That kind of awesome.
So I’m always happy to see a text from her in the mornings, because it almost always means she has a home visit in my neck of the woods or a half day or some other excuse for stopping by. We eat snacks, go for walks, play with Iris… and process, which is a nice way of saying we talk a lot and complain about life and try to figure things (ok, and ourselves) out. And it’s good because we have a lot of similarities and a few key differences: Jenn, who never really planned to have a career-type job, is a social work manager who testifies regularly in court and carries several phones (all things I find terribly appealing). And I, who always planned to have a career-type job, never have and now also have a baby and wander around in pajamas all day.
It’s nice to have someone who can knock a little of the glamor off the whole career thing for me, and I hope the dark circles around my eyes can do the same for her. Life has it’s challenges no matter where you are. As well as it’s rewards.
We were having one of those four-hour rant fests the other day about work, politics, people, religion, and other common irritants when I said sometimes I don’t even know where to begin. It’s like I want to process all the experiences and challenges on my mind recently, but I don’t even know what that means. What does it mean to “process” something anyway?
Because most of my issues feel like hamster wheels, and I give them a good spin every now and then, but it doesn’t seem to get me anywhere new.
Jenn said it all goes back to Kübler-Ross for her. Processing is a lot like grieving, and anything that changes or threatens or otherwise has a major impact on your life requires the old 5 step hip waders of grief… which seemed hilariously morbid to me.
And also true.
It perfectly explains, for example, why the first few weeks of sleep deprivation with Iris were so easy (denial). Why the frustration only showed up six weeks later (anger). Why I worked my way through a whole stack of baby books in order to “fix” Iris’s totally normal infant behaviors (bargaining). And why, when Carl asked me what I was thinking about last week during yet another looooooong night I said: killing myself (depression).

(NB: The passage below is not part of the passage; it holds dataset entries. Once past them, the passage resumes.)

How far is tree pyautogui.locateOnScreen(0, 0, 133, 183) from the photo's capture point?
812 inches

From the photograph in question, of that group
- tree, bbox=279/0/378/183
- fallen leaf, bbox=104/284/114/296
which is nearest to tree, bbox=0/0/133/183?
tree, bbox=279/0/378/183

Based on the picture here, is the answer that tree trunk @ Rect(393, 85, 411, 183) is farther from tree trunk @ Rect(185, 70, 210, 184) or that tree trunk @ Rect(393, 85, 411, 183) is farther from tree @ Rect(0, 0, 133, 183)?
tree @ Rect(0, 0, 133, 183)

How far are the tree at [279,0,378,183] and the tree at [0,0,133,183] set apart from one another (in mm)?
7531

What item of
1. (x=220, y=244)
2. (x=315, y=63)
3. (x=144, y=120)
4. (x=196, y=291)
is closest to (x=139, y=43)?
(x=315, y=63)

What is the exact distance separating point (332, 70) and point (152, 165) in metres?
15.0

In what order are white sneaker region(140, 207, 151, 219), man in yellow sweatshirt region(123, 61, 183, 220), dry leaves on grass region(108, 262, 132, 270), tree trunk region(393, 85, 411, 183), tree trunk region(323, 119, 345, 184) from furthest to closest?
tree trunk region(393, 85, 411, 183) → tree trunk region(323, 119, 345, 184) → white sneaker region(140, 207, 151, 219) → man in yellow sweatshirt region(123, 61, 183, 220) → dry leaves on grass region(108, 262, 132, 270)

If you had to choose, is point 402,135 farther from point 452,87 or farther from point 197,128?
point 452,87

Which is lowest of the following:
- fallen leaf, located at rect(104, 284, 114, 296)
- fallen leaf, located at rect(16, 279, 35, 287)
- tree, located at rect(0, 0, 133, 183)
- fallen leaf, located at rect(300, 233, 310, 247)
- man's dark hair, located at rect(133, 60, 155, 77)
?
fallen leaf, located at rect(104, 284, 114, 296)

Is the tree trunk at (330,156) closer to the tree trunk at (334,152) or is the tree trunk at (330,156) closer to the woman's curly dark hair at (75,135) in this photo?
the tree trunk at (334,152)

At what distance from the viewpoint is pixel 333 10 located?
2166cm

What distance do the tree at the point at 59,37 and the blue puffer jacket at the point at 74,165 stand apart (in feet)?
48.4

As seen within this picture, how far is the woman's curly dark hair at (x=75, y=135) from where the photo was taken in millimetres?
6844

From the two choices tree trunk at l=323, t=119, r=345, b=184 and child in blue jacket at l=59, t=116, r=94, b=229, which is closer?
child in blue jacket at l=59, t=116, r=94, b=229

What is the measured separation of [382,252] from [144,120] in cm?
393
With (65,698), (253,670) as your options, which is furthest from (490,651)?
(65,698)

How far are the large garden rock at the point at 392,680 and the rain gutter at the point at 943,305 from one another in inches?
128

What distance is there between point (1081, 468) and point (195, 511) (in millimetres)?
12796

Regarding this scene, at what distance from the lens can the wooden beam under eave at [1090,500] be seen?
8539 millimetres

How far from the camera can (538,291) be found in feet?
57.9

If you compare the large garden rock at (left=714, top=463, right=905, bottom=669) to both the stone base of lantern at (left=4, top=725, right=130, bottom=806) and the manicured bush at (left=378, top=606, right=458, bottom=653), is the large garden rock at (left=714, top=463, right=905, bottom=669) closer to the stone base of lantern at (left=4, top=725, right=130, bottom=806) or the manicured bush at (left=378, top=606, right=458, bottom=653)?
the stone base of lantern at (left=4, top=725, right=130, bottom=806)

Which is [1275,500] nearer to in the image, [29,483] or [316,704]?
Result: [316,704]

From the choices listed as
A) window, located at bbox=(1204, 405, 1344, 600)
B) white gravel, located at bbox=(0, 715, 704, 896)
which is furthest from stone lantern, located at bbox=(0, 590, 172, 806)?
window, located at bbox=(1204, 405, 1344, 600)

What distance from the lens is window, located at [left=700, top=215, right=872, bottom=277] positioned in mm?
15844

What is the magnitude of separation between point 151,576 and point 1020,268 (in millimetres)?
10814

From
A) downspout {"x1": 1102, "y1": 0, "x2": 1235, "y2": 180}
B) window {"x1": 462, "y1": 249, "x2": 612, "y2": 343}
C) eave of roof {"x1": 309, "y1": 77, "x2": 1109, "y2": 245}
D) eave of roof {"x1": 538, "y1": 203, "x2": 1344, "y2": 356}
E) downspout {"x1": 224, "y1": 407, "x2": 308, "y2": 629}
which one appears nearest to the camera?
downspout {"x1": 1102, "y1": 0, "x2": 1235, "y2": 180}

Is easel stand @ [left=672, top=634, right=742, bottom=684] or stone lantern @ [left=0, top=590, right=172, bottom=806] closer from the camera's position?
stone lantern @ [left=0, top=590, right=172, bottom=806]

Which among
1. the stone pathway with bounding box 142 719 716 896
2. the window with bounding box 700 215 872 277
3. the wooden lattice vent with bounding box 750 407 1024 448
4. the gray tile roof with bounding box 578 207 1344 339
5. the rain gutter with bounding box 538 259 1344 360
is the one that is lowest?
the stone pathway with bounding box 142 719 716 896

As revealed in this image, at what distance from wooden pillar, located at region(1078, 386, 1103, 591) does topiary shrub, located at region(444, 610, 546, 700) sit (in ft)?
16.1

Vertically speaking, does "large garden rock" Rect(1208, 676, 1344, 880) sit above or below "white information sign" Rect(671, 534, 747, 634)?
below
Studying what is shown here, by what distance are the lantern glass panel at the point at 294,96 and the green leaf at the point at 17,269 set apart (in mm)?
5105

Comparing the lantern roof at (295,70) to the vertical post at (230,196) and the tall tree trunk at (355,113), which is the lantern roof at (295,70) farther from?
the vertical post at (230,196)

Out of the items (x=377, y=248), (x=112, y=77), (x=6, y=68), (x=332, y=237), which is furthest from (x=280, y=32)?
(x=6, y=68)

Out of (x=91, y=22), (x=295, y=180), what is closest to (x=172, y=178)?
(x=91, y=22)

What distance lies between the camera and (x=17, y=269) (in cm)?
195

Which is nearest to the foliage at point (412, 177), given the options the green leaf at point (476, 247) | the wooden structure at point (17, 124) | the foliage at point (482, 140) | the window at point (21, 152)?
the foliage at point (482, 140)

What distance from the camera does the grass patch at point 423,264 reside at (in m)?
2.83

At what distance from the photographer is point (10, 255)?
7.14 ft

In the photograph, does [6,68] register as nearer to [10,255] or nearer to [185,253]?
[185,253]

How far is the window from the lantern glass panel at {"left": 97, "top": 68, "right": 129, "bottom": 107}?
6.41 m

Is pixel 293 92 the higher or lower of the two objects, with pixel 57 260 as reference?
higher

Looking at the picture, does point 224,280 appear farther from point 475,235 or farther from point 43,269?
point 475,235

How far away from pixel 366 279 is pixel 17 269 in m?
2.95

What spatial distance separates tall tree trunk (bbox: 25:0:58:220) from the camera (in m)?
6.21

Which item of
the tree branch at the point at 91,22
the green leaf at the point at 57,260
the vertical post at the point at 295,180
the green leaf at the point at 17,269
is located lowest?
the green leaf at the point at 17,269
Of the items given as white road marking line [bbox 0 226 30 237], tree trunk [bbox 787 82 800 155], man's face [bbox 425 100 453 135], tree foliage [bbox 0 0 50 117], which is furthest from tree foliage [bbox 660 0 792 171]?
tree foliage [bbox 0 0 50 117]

[Dark humor alert. Please don’t petition me to a psych ward.]
It sounds weird to say you’re grieving the entry to a new stage of life, but death is really just an extreme form of processing. Even the very good things in life, if they change everything, require processing.

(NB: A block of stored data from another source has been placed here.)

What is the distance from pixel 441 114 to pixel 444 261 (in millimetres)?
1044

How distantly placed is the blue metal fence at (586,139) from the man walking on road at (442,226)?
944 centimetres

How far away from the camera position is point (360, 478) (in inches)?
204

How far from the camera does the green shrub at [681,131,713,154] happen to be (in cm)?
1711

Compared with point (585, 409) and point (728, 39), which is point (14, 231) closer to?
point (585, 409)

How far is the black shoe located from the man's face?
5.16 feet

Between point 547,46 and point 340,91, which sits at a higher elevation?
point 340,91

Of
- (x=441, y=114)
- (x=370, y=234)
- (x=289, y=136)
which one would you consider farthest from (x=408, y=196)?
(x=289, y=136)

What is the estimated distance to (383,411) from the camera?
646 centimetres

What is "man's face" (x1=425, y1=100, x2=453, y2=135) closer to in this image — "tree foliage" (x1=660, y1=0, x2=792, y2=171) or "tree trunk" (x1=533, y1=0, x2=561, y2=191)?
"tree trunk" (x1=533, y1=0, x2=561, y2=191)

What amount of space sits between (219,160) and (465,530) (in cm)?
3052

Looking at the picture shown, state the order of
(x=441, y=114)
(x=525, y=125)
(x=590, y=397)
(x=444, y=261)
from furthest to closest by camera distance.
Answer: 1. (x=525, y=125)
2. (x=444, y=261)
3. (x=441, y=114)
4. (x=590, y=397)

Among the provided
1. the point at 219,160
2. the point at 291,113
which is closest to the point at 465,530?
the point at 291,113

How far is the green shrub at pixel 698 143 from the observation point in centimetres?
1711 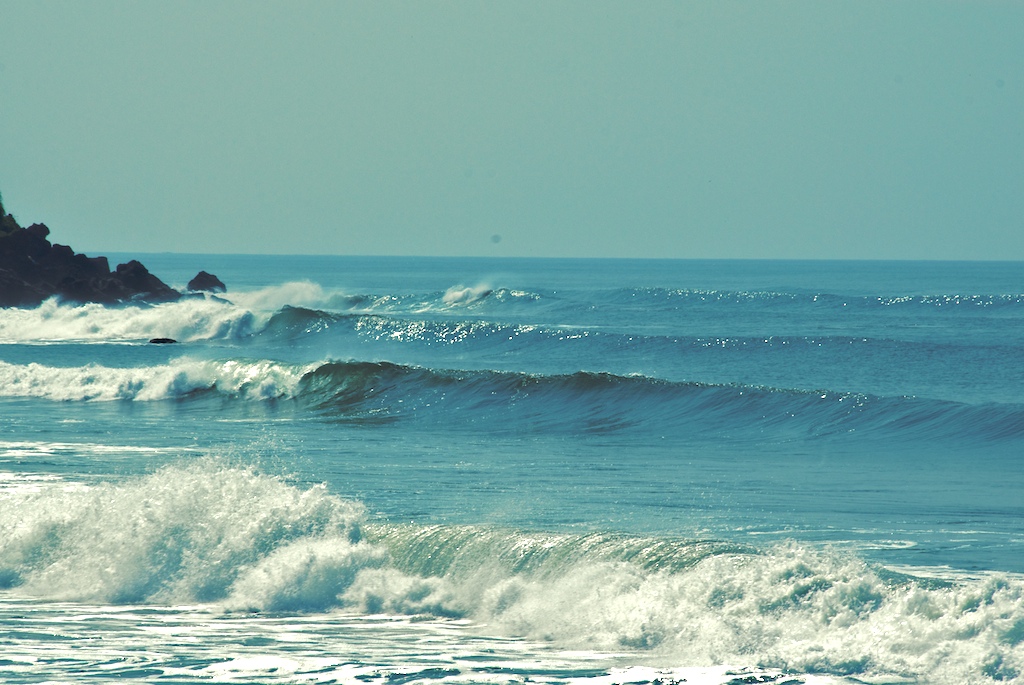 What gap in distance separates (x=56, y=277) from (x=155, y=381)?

With Iris’s infancy, the stages have been quite linear and efficient. At three months, I rarely cry or sneak addictive looks at baby care books anymore. I’ve learned new ways of working around Iris’s particularities (with the Boppie pillow, she can nap safely on my lap while BOTH my hands stay free for desk work), and I talk to Carl excitedly about our “great night” when she goes to sleep at 8:30pm… and only wakes up 4 times.
Other issues will be life-long.
My response to the words and acts of misogyny ran the gamut. You can never fully grieve when the pain is ongoing. Sometimes I’m angry, sometimes I’m sad. Sometimes I plan elaborate and mostly unfulfilled forms of activism.
But it’s nice to have a little perspective, nice to understand a little of the pattern.
Anyway it gives me something clean and cerebral to think about at 3am. Chew toys for the brain, right?